I know Shy Guy... you have opportunity, with your traveling ....to get away... and shop to your hearts content. 



> *Greenpearl said *: I don't want my husband to buy me gifts either. If I want something, I just tell him, and we go out together and do the shopping. I don't want him to go out alone and get me something I don't like. If he gets me something I don't like, I view that wasting money.


I think exactly like you Greenpearl ....I bet Shy Guys wife does too. What do you think Shy Guy? I bet she really apprecaites the fact you go shopping with her.... I love to have my husband by my side. When we were younger, we shopped so much, now I find shopping so boring, I just want to get home... so many more exciting things to do...but we have to take the time to shop...to live.

There is one question I don't understand Shy Guy....sounds like you have her give your a *cash allowance*...why do you need to save up the cash...you don't use credit cards ? We use 2 credit cards for every purchase under the sun including groceries to taxes, even paid for our last 2 used cars like that... I always find the cards with the largest $$ perks, make about $300 a year off those Chase credit cards, always pay in full as soon as the bill hits my mailbox. Unless that doesn't work for your budget.

Go jewery shopping - buy something you would love to see her wear and tell her that, what could warm her heart more.


----------



## Enchantment (May 11, 2011)

Your post sounds like something right out of the 5 love languages. In that, you perceive or want to give your wife gifts as an expression of your love, but gifts are not really the thing that she wants from you.

For fun, you and you wife can take the assessment here:

The 5 Love Languages | The 5 Love Languages®

I scored so low on the assessment for gifts - it was eye-opening. The most heartfelt gifts for me from my H have had one of two characteristics - they were totally unexpected and indicated that he had been paying particular attention or they were something that he had crafted together himself.

An example of the first, is me mentioning something just casually or in passing "Oh isn't that cute" or him just observing me looking at something. It can be as simple as admiring a pretty gee-gaw at the mall and then finding it unexpectedly under my pillow a week later. He observed, he went out of his way, it was a total surprise, it showed he cared.

An example of the latter...and this is really hard for my H and are the items that I cherish the most from him because my top love language is words of affirmation...when he would slip a hand-written note under my pillow. In November I had surgery and had to get to the hospital very early. But, when I got home late that night and crawled in to bed, there was a card under the pillow - handmade - it was a piece of plain white card stock and he had written the note and drawn flowers down the edges of it. I cherish that piece of white paper more than any golden bauble he could give me.

Find what speaks to your wife...you won't be disappointed.


----------



## shy_guy (Jan 25, 2012)

I see all the answers, and they are ALL read and appreciated. There are a few I'm going to respond to specifically or ask further questions on, but I'm reading and thinking about all of them.



greenpearl said:


> shy_guy,
> 
> A lot of Asian women are happy and content if their husbands are faithful, respectful, responsible, and loving.
> 
> ...


I focus mostly on her as an individual, and her culture is different from yours, but there are some similarities I see in the answers where we have interacted. I wondered: Do you manage the finances in your household? How common is it for the woman vs. the man to manage the finances where you are from?

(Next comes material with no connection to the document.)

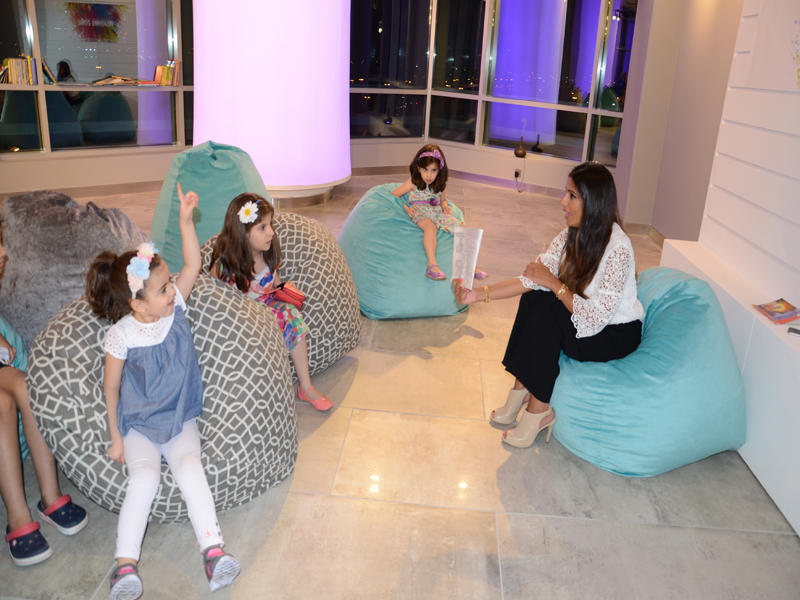 الكاتبة منيرة العيدان تحكي للأطفال بعض القصص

Some of the other things you are bringing up I'm going to answer or ask further questions when I respond to Enchantment.


----------



## shy_guy (Jan 25, 2012)

SimplyAmorous said:


> I know Shy Guy... you have opportunity, with your traveling ....to get away... and shop to your hearts content.


I don't travel as much anymore, but when I do travel (or did travel), almost all of my time is focused on work. I usually take time to buy a souvenir, so there is an opportunity ... This week, I am travelling (working in Cancun ... who does that?). This is only the second trip this year for me. She can't go on this trip because of a couple of reason: Our daughter's wedding is less than 3 weeks away so our son can't afford to miss school for both.



SimplyAmorous said:


> I think exactly like you Greenpearl ....I bet Shy Guys wife does too. What do you think Shy Guy? I bet she really apprecaites the fact you go shopping with her.... I love to have my husband by my side. When we were younger, we shopped so much, now I find shopping so boring, I just want to get home... so many more exciting things to do...but we have to take the time to shop...to live.


I believe she appreciates it. I really enjoy taking a break, sitting in the coffee shop with her, and talking when we do this. 



SimplyAmorous said:


> There is one question I don't understand Shy Guy....sounds like you have her give your a *cash allowance*...why do you need to save up the cash...you don't use credit cards ? We use 2 credit cards for every purchase under the sun including groceries to taxes, even paid for our last 2 used cars like that... I always find the cards with the largest $$ perks, make about $300 a year off those Chase credit cards, always pay in full as soon as the bill hits my mailbox. Unless that doesn't work for your budget.
> 
> Go jewery shopping - buy something you would love to see her wear and tell her that, what could warm her heart more.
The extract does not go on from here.